Lo stare leggeri e presenti di Vincino che mi intimidiva
Portava in sé un mistero diverso, che non potevi immaginare. Era una gara tra timidi, ma lui mi ha sempre messo in soggezione
Per lungo tempo, anzi è stato sempre, Vincino mi ha messo in soggezione. O, se avesse un senso l’espressione – ma a lui piacevano i paradossi, erano capriole del libero pensiero – direi che Vincino ha eccitato la mia timidezza. Sì, quell’uomo gentile, e il più affabile del mondo. Forse era una gara tra timidi, ma non ce lo siamo mai detto. O un dislivello di percezioni, dovuto anche all’altezza, che era iniziato in un’altra vita, in un altro giornale, come per tutti noi che lo avevamo conosciuto prima.
Quando non c’era il tablet, forse nemmeno il fax, e per recuperare i suoi disegni bisognava andare a casa sua, e lui li aveva fatti su ritagli di ritagli di carta. Pezzetti esplosi di un puzzle fantastico, ma continuo e senza strappi, la striscia di un disegno infinito, come i dipinti giapponesi. Era una lotta mai dichiarata tra timidi, forse anche un vibrare su lunghezze d’onda differenti.
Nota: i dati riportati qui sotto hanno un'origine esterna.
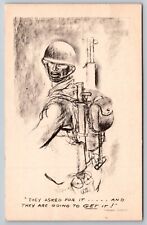 Vintage Patriotic -Postcard- Marshall Davis Sketch Artist. They Asked For It” picture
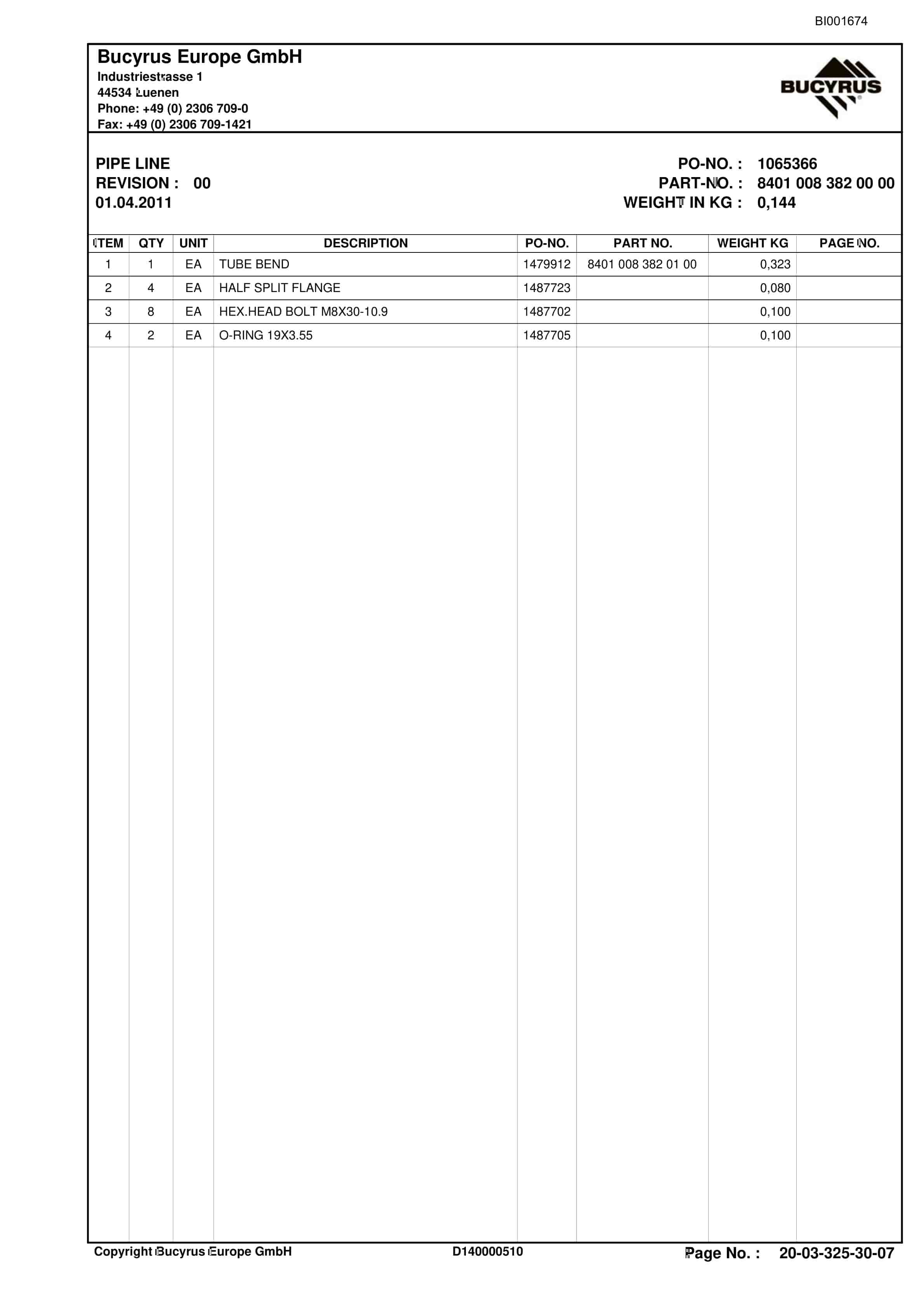Bucyrus Shearer System Parts Catalog BI001674-2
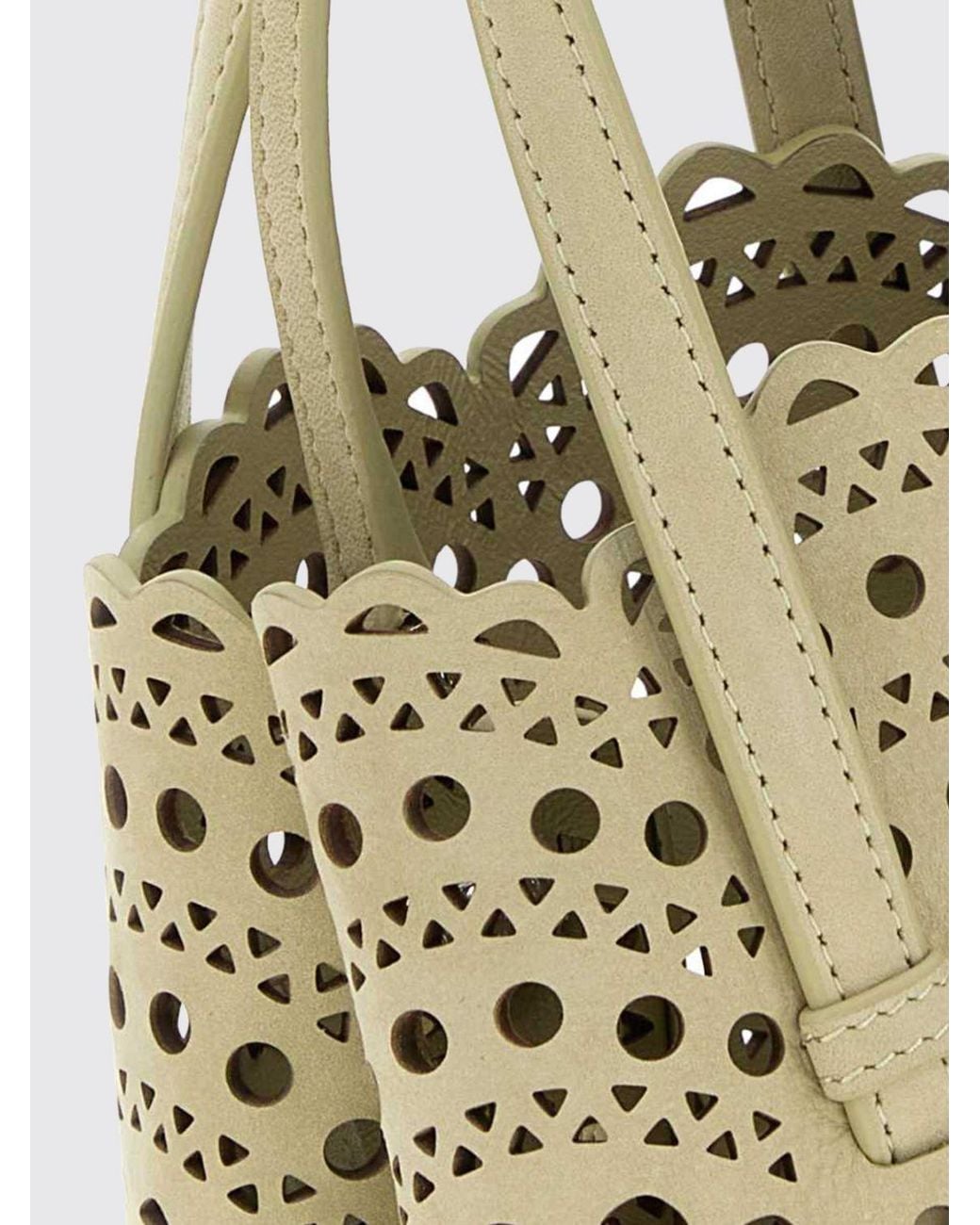 Alaïa Natural Mina Perforated Nubuck Handbag With Removable Pouch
Ma a poco a poco, a furia di familiarità con quel suo tratto sottile, da antico incisore, con quelle sue battute a scarabocchio che non erano mai sentenze grevi e senza scampo, ma voli in altre dimensioni, ho capito che non era la timidezza, o la frequenza differente dei nostri modi di scherzare.
Era che Vincino portava in sé un mistero diverso, una nuvola di pensieri spinti più in là. E non li potevi immaginare. Intuivi che c’erano, ma saperli, no. Gli scivolavo accanto, senza afferrarlo, per dirlo con il verso di una canzone. O per dirlo con un’altra, era il fascino di “questo stare leggeri e presenti, cantando fuori dal coro”, che era il suo genio.